While NN posted positive free cash flow this quarter, the broader story hasn’t been so clean. NN’s demanding reinvestments have drained its resources over the last five years, putting it in a pinch and limiting its ability to return capital to investors. Its free cash flow margin averaged negative 1.3%, meaning it lit $1.26 of cash on fire for every $100 in revenue.
Taking a step back, an encouraging sign is that NN’s margin expanded by 3.2 percentage points during that time. Despite its improvement and recent free cash flow generation, we’d like to see more quarters of positive cash flow before recommending the stock.

NN’s free cash flow clocked in at $7.70 million in Q3, equivalent to a 7.4% margin. Its cash flow turned positive after being negative in the same quarter last year, marking a potential inflection point.
10. Return on Invested Capital (ROIC)
EPS and free cash flow tell us whether a company was profitable while growing its revenue. But was it capital-efficient? A company’s ROIC explains this by showing how much operating profit it makes compared to the money it has raised (debt and equity).

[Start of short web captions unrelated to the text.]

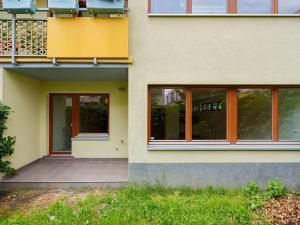 Pronájem bytu 2+kk, Praha - Záběhlice, Harlacherova, 56 m2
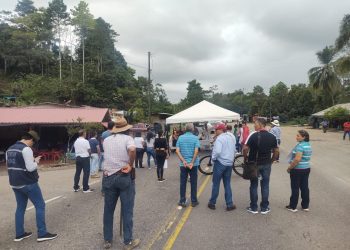 Rechazan amenazas contra líderes en Santander 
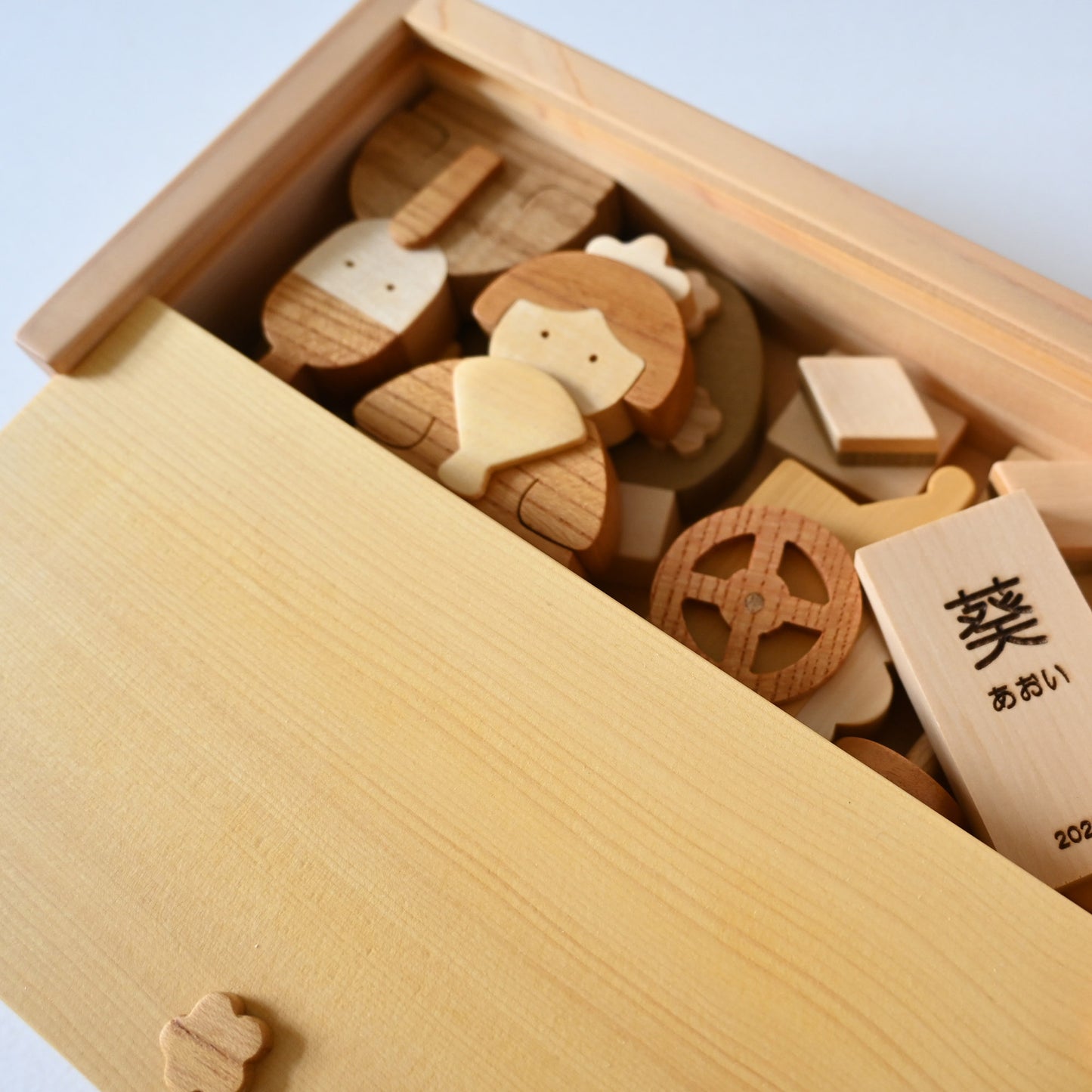 ひな人形☆コンパクトに収納できる木製雛人形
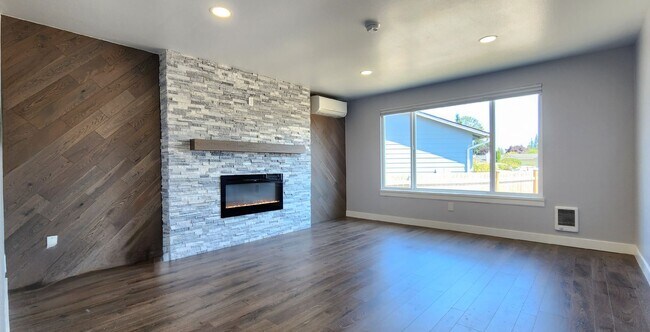 Building Photo - 3 Bedroom Home in North Marysville - $500 ...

NN’s five-year average ROIC was negative 6.5%, meaning management lost money while trying to expand the business. Its returns were among the worst in the industrials sector.

We like to invest in businesses with high returns, but the trend in a company’s ROIC is what often surprises the market and moves the stock price. Unfortunately, NN’s ROIC averaged 4.1 percentage point decreases over the last few years. Paired with its already low returns, these declines suggest its profitable growth opportunities are few and far between.

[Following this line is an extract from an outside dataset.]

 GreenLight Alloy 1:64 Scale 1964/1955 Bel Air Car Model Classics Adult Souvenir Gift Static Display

11. Balance Sheet Assessment
NN reported $12.22 million of cash and $199.4 million of debt on its balance sheet in the most recent quarter. As investors in high-quality companies, we primarily focus on two things: 1) that a company’s debt level isn’t too high and 2) that its interest payments are not excessively burdening the business.

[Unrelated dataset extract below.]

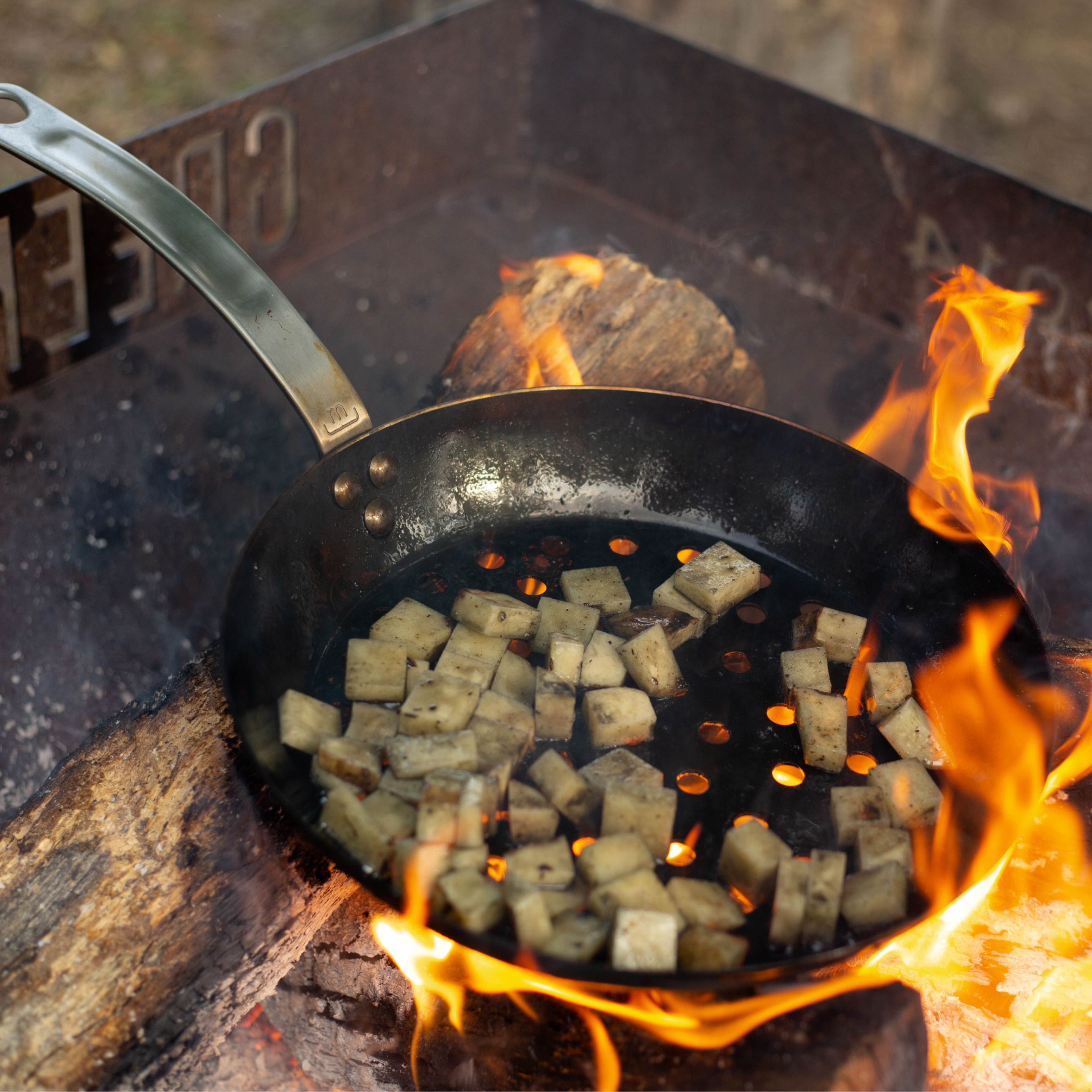 Lodge 12 in Seasoned Carbon Steel Skillet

With $48.18 million of EBITDA over the last 12 months, we view NN’s 3.9× net-debt-to-EBITDA ratio as safe. We also see its $10.64 million of annual interest expenses as appropriate. The company’s profits give it plenty of breathing room, allowing it to continue investing in growth initiatives.
12. Key Takeaways from NN’s Q3 Results
We were impressed by NN’s optimistic full-year EBITDA guidance, which blew past analysts’ expectations. On the other hand, its revenue missed and its EBITDA fell short of Wall Street’s estimates. Overall, this was a weaker quarter. The stock traded down 10.1% to $1.70 immediately after reporting.
13. Is Now The Time To Buy NN?
Updated: December 3, 2025 at 10:35 PM EST
The latest quarterly earnings matters, sure, but we actually think longer-term fundamentals and valuation matter more. Investors should consider all these pieces before deciding whether or not to invest in NN.
We see the value of companies helping their customers, but in the case of NN, we’re out. To kick things off, its revenue growth was weak over the last five years. And while its projected EPS for the next year implies the company’s fundamentals will improve, the downside is its relatively low ROIC suggests management has struggled to find compelling investment opportunities. On top of that, its declining EPS over the last five years makes it a less attractive asset to the public markets.
NN’s P/E ratio based on the next 12 months is 28.6x. This valuation tells us it’s a bit of a market darling with a lot of good news priced in - we think other companies feature superior fundamentals at the moment.
Wall Street analysts have a consensus one-year price target of $5.75 on the company (compared to the current share price of $1.30).
Although the price target is bullish, readers should exercise caution because analysts tend to be overly optimistic. The firms they work for, often big banks, have relationships with companies that extend into fundraising, M&A advisory, and other rewarding business lines. As a result, they typically hesitate to say bad things for fear they will lose out. We at StockStory do not suffer from such conflicts of interest, so we’ll always tell it like it is.